Mother and sister and the sweetling that scorned me,
The wind of the autumn-tide over them sweepeth,
All are departed, but this one, the dear one—
I should die or he died and be no more alone,
But God’s hatred hangs round me, and the life
and the glory
That grew with my waning life fade now before it,
And leaving no pity depart through the void.
A COUNCILLOR
This is a sight full sorry to see
These tears of an elder! But soft now, one cometh.
MASTER OLIVER
The feet of the king: will ye speak or begone?
A NORTHERN LORD
I will speak at the least, whoever keeps silence,
For well it may be that the voice of a stranger
Shall break through his dreaming better than thine;
And lo now a word in my mouth is a-coming,
That the king well may hearken: how sayst thou,
fair master,
Whose name now I mind not, wilt thou have me essay
it?
MASTER OLIVER
Try whatso thou wilt, things may not be worser. [Enter
KING.
Behold, how he cometh weighed down by his woe!
(To the KING)
All hail, lord and master! wilt thou hearken a little
These lords high in honour whose hearts are full heavy
Because thy heart sickeneth and knoweth no joy?—
(To the COUNCILLORS)
Ah, see you! all silent, his eyes set and dreary,
His lips moving a little—how may I behold
it?
THE NORTHERN LORD
May I speak, king? dost hearken? many matters I have
To deal with or death.

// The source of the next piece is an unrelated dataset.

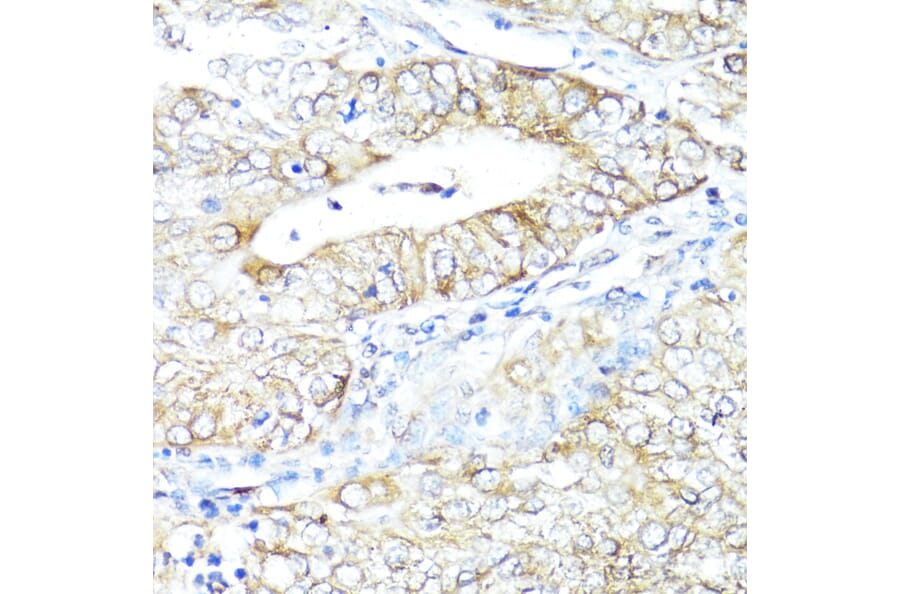 Immunohistochemistry - Anti-IFNAR2 Antibody (A11480) - Antibodies.com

I have honoured thee duly
Down in the north there; a great name I have held
thee;
Rough hand in the field, ready righter of wrong,
Reckless of danger, but recking of pity.
But now—is it false what the chapmen have
told us,
And are thy fair robes all thou hast of a king?
Is it bragging and lies, that thou beardless and tender
Weptst not when they brought thy slain father before
thee,
Trembledst not when the leaguer that lay round thy
city
Made a light for these windows, a noise for thy pillow?
Is it lies what men told us of thy singing and laughter
As thou layst in thy lair fled away from lost battle?